• _ACTION ITEM_
Leaving the pictures aside, repeat the entries exactly.

[Short descriptive text snippets]
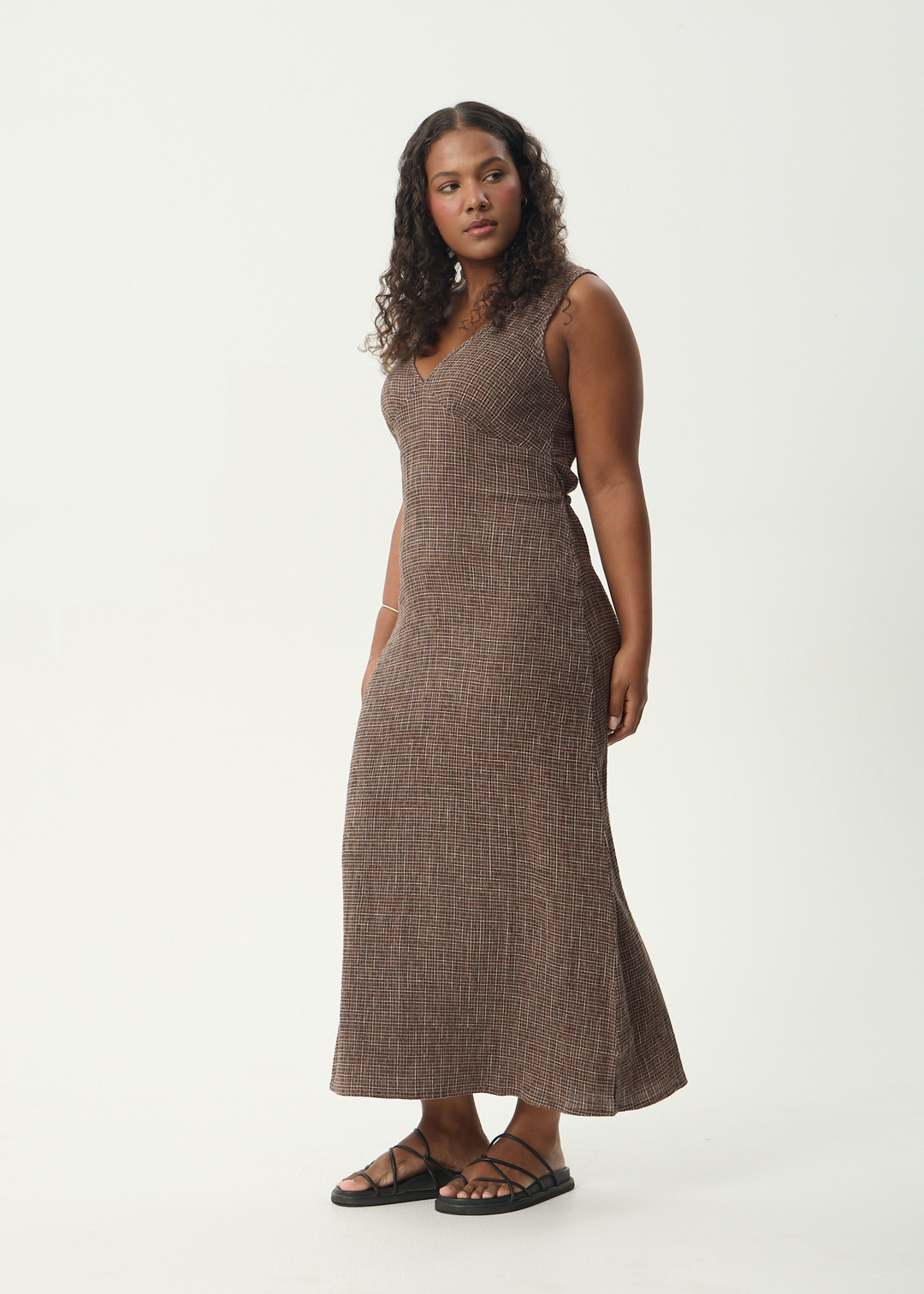 AFENDS Womens Hometown - Seersucker Maxi Dress - Coffee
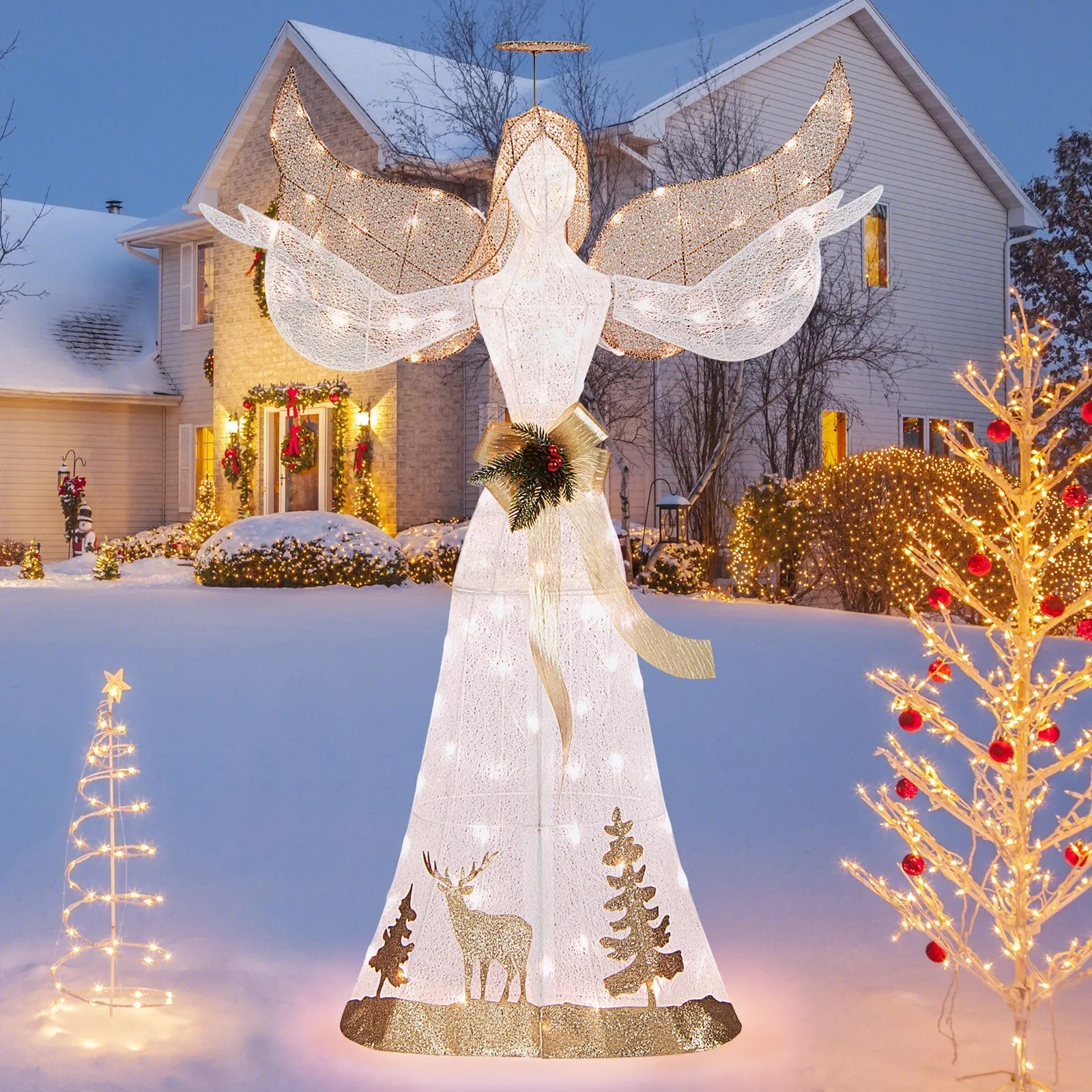 3D Lighted Outdoor Christmas Angel with Lights, Halo, Bow, Ground Stakes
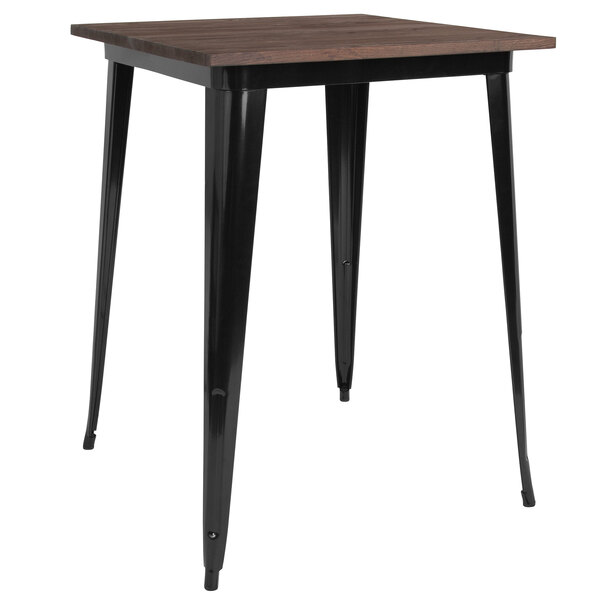 Flash Furniture CH-51040-40M1-BK-GG 31 1/2" Square Walnut Bar Height Table with Black Metal Frame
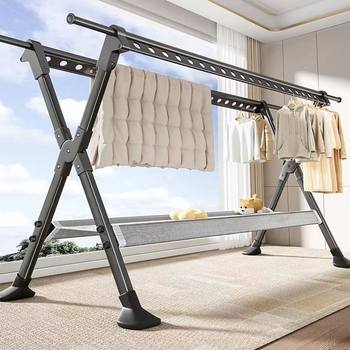 Clothes Drying Rack Floor-Standing Household Balcony Folding Clothes Rod Indoor and Outdoor Hanging Clothes Telescopic Clothes Drying Rack for Drying Quilts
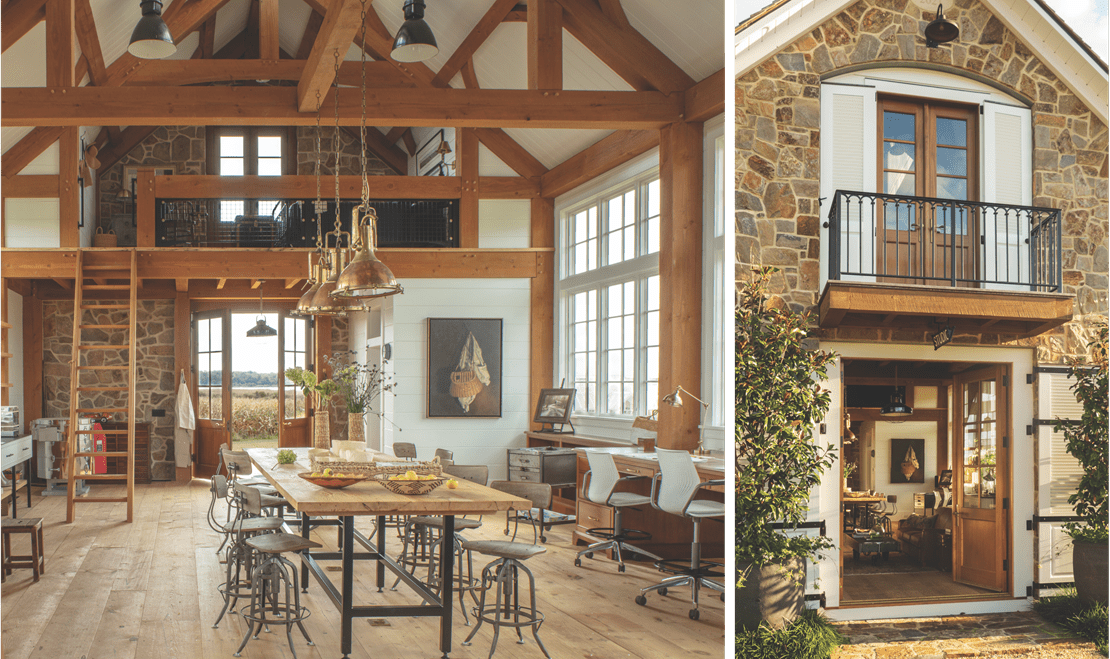 The owner's grandfather, who owned an art gallery in Baltimore, Maryland, was the main inspiration for the air studio space.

• _WRITTEN RESPONSE_
 AFENDS Womens Hometown - Seersucker Maxi Dress - Coffee
 3D Lighted Outdoor Christmas Angel with Lights, Halo, Bow, Ground Stakes
 Flash Furniture CH-51040-40M1-BK-GG 31 1/2" Square Walnut Bar Height Table with Black Metal Frame
 Clothes Drying Rack Floor-Standing Household Balcony Folding Clothes Rod Indoor and Outdoor Hanging Clothes Telescopic Clothes Drying Rack for Drying Quilts
 The owner's grandfather, who owned an art gallery in Baltimore, Maryland, was the main inspiration for the air studio space.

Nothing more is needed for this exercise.